Thank the Old, Embrace the New

I am about to move, and it’s been an emotional journey. I love the apartment I am leaving. It’s the first place I ever bought. I purchased it when I became an empty-nester, as a platform for the next chapter of my life. My goal was to expand my social life, enrich my work-life balance, and give more space to romance than I had as a single parent.

So, I found a cute one bedroom apartment smack dab in the heart of Manhattan, and made it my own. Every single day for the past 10 years I’ve been grateful for this amazing home. Within a stone’s throw of Broadway, I’ve spent many evenings finishing a home cooked at my table at 7:45pm, while making it to the theater in time for curtain at 8 o'clock. I’ve hosted lots of holiday meals and enjoyed dozens of drop by visits from friends and family. And my rich dating life led to meeting a wonderful man, who moved in 2 years ago. 

To make space for him, I cleared out half of every closet, cabinet and drawer (though he’d argue that I have since stolen much of it back). Yet, despite my efforts, the truth was that my beloved one bedroom space was not quite built for two. So, after a long inner debate I decided to put my home on the market. It was time to finish my chapter, and begin ours.
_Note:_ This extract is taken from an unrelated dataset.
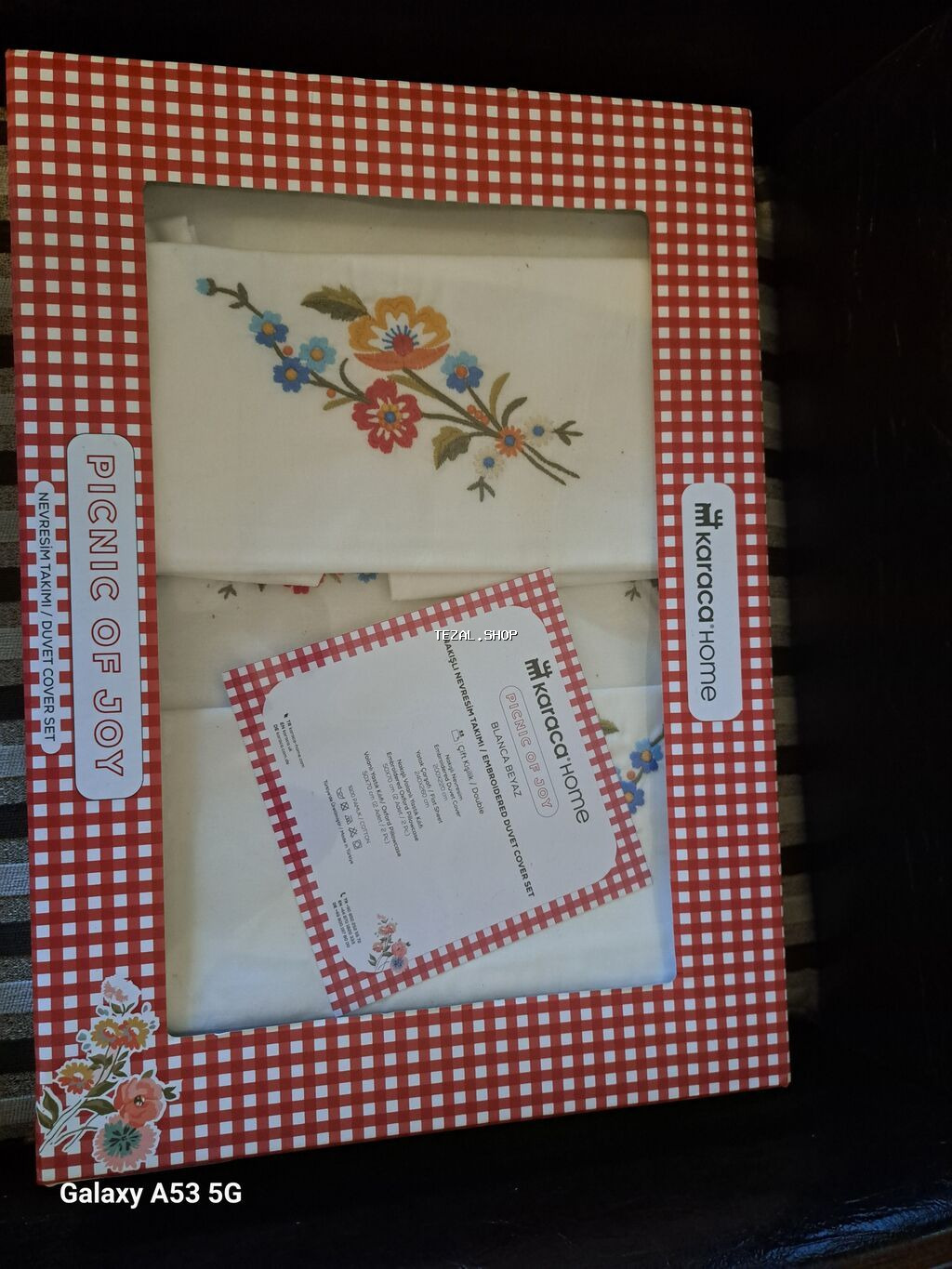 Karaca 2 nəfərlik yataq dəsti.Çox gözəl və keyfiyyətlidir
But when the open houses started, you could tell I was still attached to my home. I’d stick around to eyeball who showed up, and create entire narratives around whether they were right for the space. One couple looked like they were big book readers from Seattle, and I thought -- I want them to buy it!  Needless to say, my agent scolded me, and said that I needed to stop getting emotionally involved.

A few weeks later, I got an offer from a couple that loved the apartment so much that they asked to buy some of the furniture. I was so relieved. It felt like a sign that they understood and appreciated the apartment. My soul was happy that these were the people buying it.
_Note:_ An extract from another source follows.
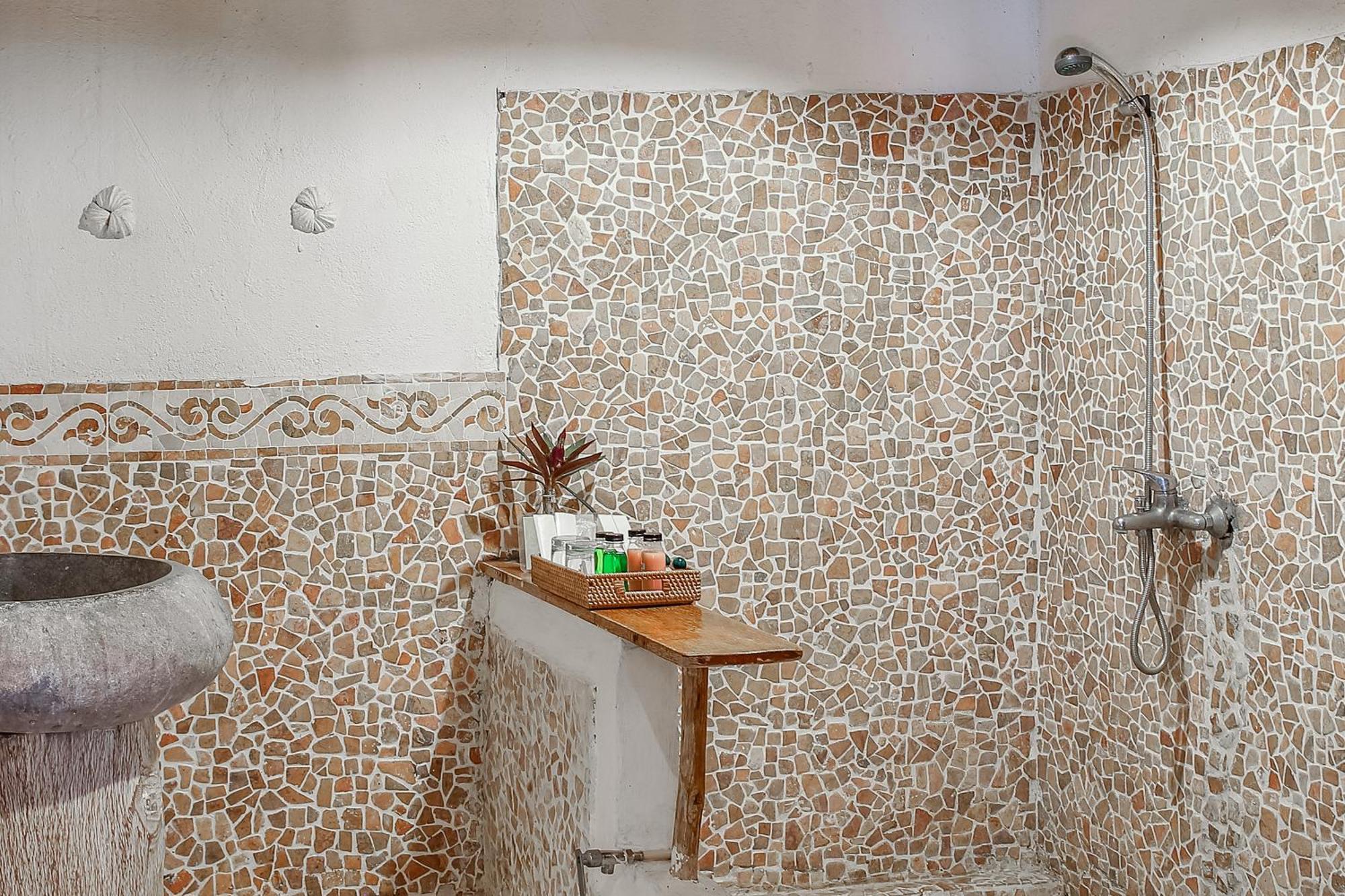Cemara Beachfront Suite Mondu Buitenkant foto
Though we are moving to a great 2 bedroom apartment in a fun new neighborhood, saying goodbye to something you love is never easy. At first, I found myself looking for things that were wrong with my current apartment in attempt to make the transition easier. Then I realized, I don't have to hate this place or find something wrong with it in order to move forward. I can love and appreciate it for everything it has done for me, and still be ready for the next adventure. I can thank the old for paving the way for the new.

Anyone facing a transition, such as a move, job change, divorce, empty nest, or retirement, knows that change is usually filled with mixed emotions. During times of transition, be gentle with yourself--- remember that you don’t have to reject your past to make room for your future. Times of change are filled with opportunity, and it’s good to know that you can make the process nurturing by honoring the best of what you have created. I decided to take my own advice, and follow the principles behind SHED:

Separate the treasures — Identify what is truly worth hanging on to.
Heave the trash — Release what’s weighing you down.
Embrace your identity from within — Connect to who you are without all your stuff   
Drive yourself forward — Explore the direction that expresses your genuine self.

I realized that though I am leaving the home that I loved, I am not leaving the life I loved and created. I’m bringing all of that forward. In fact, the thing that really helped me cross the emotional bridge was discovering that the our big french country table fit perfectly in our new dining room. I treasure the memories made at this table the most and am thrilled to break-in the new place this Thanksgiving with our old gathering place (and the friends and family that sit around it).